ブエノスアイレスからサンティアゴ・デル・エステロへの移転により、アルゼンチンはアジア市場など新しい輸出市場に、よりアプローチするだろう、という。

「指導者として私たちは“事実”を認める必要があります。今日、私たちの通商は東洋に向いています。先進国は危機や問題を抱えていますが、(アジア諸国は)購買力を高めています」(キルチネル大統領)

1563年にスペイン人が入植して作ったサンティアゴ・デル・エステロは同国最古の都市で、“都市の母”とも呼ばれている。
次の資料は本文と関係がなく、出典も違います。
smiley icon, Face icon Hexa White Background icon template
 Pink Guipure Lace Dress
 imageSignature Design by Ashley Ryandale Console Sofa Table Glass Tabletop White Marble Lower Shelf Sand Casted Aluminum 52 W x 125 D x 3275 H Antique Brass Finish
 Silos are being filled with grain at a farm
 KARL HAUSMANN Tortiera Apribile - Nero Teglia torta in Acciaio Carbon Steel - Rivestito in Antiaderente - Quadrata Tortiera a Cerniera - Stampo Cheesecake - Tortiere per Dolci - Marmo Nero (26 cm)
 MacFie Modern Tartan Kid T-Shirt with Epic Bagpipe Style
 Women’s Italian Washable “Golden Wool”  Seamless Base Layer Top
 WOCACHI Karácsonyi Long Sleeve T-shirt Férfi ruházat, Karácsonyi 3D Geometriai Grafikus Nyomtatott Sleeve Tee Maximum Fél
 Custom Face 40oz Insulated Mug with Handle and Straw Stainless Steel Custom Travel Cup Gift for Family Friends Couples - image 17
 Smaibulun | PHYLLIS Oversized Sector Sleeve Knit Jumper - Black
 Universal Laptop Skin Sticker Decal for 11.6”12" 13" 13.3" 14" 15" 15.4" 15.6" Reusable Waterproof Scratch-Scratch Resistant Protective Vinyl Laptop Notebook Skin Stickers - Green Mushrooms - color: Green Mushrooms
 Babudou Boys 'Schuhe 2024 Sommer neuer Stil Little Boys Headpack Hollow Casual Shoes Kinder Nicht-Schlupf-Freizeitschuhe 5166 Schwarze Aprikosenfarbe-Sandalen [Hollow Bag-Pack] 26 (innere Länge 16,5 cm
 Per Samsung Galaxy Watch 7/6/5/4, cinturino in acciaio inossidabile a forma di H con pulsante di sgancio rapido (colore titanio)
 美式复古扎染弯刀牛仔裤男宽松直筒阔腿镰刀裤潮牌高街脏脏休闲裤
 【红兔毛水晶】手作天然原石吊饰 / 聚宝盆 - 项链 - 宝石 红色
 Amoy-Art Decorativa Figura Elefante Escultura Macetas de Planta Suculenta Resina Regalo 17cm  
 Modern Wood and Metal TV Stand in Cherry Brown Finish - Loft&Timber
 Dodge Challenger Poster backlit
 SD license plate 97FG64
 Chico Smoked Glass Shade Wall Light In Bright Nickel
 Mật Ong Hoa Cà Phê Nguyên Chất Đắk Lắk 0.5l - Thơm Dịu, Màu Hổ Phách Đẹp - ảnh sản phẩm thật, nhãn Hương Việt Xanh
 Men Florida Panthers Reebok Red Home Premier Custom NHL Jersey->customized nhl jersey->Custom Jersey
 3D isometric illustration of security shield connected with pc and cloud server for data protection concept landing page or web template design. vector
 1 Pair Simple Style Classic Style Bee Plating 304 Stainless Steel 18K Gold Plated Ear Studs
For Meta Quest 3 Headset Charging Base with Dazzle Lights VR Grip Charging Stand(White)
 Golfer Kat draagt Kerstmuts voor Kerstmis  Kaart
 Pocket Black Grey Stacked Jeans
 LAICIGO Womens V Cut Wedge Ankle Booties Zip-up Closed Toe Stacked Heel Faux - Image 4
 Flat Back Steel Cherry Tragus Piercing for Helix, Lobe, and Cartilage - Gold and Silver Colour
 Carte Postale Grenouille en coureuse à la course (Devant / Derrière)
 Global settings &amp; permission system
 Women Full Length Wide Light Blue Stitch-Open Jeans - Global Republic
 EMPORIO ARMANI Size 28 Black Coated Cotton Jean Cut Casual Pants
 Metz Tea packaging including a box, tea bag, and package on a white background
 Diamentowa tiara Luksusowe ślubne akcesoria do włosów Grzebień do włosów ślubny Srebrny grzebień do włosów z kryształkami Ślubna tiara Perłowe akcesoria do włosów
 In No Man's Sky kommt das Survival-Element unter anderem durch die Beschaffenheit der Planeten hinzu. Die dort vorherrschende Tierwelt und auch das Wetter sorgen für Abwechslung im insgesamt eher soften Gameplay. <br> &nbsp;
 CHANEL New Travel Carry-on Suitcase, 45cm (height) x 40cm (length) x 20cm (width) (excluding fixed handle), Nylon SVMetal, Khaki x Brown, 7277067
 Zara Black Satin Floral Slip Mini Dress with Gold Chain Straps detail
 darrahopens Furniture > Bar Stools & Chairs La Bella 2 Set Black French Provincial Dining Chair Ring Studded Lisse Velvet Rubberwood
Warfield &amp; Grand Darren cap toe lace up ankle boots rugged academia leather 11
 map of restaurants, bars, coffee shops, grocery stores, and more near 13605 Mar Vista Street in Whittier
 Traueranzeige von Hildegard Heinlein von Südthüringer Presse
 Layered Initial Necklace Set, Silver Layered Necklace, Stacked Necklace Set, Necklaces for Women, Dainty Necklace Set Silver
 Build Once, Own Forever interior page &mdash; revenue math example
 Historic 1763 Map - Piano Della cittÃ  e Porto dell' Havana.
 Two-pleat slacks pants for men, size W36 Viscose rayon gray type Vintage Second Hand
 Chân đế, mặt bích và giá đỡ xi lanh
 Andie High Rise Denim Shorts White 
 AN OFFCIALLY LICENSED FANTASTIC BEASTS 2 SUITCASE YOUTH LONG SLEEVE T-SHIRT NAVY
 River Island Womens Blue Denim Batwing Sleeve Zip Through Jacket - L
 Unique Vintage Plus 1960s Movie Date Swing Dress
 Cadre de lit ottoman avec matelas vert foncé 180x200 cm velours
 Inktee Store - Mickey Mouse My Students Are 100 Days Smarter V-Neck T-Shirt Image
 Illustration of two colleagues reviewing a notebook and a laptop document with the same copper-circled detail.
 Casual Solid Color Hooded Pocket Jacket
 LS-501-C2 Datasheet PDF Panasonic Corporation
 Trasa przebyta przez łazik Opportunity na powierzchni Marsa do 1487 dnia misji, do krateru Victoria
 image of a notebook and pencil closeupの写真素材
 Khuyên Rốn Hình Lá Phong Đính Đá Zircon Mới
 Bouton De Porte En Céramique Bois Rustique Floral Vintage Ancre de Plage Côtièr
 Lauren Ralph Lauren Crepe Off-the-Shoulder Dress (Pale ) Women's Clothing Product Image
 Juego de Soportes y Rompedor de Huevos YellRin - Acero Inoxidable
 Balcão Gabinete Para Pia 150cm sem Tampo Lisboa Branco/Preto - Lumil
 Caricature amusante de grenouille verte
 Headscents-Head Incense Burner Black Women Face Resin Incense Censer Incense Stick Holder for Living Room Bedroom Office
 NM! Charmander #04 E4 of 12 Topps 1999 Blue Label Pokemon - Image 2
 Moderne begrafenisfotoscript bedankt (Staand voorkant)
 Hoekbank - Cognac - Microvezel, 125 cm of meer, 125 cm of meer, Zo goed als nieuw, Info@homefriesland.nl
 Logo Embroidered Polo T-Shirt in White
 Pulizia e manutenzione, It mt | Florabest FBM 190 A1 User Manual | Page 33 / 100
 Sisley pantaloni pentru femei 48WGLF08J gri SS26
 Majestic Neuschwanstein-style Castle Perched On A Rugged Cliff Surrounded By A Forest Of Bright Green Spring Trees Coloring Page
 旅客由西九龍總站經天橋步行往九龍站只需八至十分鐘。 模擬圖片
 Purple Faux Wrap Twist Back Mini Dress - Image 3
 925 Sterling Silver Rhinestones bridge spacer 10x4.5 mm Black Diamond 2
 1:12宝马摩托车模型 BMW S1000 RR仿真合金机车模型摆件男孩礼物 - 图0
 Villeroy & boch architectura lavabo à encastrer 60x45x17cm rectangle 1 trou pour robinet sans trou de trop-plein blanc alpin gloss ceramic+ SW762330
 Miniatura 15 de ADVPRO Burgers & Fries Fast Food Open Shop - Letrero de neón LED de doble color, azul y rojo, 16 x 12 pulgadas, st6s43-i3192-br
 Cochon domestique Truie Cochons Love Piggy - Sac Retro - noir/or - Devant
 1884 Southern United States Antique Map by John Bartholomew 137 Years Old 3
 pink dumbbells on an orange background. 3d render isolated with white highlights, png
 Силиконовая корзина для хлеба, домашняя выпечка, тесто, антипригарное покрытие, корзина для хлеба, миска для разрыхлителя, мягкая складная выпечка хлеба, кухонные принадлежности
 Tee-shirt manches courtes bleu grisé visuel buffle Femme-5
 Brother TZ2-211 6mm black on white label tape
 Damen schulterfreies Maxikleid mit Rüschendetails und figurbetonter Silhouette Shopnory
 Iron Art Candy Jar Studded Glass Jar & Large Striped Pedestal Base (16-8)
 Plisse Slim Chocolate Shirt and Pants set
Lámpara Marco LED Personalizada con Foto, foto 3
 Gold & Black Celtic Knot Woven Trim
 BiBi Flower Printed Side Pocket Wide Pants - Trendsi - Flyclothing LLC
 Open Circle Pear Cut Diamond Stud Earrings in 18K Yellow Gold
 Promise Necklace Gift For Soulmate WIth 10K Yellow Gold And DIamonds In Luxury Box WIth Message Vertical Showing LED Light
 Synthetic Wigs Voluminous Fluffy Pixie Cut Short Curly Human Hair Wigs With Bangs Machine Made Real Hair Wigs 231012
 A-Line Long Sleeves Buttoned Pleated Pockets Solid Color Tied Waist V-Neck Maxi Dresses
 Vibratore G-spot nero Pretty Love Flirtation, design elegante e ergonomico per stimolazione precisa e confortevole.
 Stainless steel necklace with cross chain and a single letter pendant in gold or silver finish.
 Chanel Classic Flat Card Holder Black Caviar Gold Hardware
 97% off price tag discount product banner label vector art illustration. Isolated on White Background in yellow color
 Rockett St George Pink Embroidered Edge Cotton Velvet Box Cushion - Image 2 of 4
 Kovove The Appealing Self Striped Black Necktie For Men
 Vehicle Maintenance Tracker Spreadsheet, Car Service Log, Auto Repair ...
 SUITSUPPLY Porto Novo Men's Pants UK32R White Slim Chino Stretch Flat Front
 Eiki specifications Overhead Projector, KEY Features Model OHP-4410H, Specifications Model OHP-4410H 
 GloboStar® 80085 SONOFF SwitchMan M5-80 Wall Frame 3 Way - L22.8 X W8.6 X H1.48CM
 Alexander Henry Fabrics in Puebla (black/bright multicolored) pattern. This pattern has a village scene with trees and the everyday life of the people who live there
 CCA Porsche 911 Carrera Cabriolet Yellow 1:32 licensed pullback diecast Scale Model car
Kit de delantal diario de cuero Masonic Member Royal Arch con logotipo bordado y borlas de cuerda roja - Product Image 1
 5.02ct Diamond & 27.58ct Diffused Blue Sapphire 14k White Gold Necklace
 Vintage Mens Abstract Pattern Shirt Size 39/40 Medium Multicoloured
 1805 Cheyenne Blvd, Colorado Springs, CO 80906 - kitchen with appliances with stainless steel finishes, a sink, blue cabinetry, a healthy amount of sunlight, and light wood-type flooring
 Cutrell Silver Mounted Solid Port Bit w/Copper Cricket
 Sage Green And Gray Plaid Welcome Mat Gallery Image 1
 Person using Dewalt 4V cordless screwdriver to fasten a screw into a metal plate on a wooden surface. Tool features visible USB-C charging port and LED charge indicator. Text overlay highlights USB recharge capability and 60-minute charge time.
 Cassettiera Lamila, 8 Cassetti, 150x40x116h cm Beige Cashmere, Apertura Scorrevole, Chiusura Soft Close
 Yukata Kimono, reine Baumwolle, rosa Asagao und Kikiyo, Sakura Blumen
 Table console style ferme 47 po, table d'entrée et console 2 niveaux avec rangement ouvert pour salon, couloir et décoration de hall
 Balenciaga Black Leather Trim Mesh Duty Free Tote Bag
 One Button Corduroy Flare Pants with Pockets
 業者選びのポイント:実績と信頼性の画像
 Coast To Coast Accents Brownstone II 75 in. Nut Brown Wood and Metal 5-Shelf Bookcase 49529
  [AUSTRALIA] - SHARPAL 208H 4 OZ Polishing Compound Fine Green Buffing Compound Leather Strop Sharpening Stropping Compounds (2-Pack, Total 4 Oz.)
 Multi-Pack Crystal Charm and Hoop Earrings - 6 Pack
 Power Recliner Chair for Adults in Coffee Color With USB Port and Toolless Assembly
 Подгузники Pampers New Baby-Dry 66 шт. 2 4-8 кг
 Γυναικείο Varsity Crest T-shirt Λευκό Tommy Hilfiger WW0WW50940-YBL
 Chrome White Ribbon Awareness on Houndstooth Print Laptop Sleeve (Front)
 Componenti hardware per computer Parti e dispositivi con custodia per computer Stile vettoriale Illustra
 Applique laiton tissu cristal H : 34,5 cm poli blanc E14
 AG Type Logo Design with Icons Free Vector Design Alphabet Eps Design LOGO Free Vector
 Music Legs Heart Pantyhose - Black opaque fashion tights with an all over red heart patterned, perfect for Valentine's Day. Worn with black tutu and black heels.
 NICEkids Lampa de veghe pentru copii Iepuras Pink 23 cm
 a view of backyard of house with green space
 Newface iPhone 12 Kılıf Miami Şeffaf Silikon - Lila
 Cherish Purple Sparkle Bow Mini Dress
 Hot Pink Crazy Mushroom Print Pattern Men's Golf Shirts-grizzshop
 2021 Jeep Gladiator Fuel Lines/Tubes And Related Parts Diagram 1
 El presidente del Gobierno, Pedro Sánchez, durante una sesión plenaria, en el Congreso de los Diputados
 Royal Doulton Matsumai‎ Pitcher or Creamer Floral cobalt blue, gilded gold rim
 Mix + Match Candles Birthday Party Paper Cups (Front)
アルゼンチンからは約1200km離れており、国内ではサンティアゴと呼ばれて親しまれているという。

歴史家によると、15~16世紀にはインカ帝国との争いもあり、その影響が残っているという。

チリの国境から400kmほどの距離にあり、太平洋に隣接しているペルーとも近くなり、アジアへのルートに有利と考えられている。

キルチネル大統領によるこの遷都案は国内で賛否両論を巻き起こしているという。

映画監督でもフェルナンド・”ピノ”・ソラナス議員は「冗談も休み休みに言え」と一蹴。

野党のラウラ・アロンソ議員も「政府が太平洋貿易を推進したければ、適切な外交政策をとるべきだ」と述べた。

しかしキルチネル大統領は遷都実現の可能性に自身を持っているという。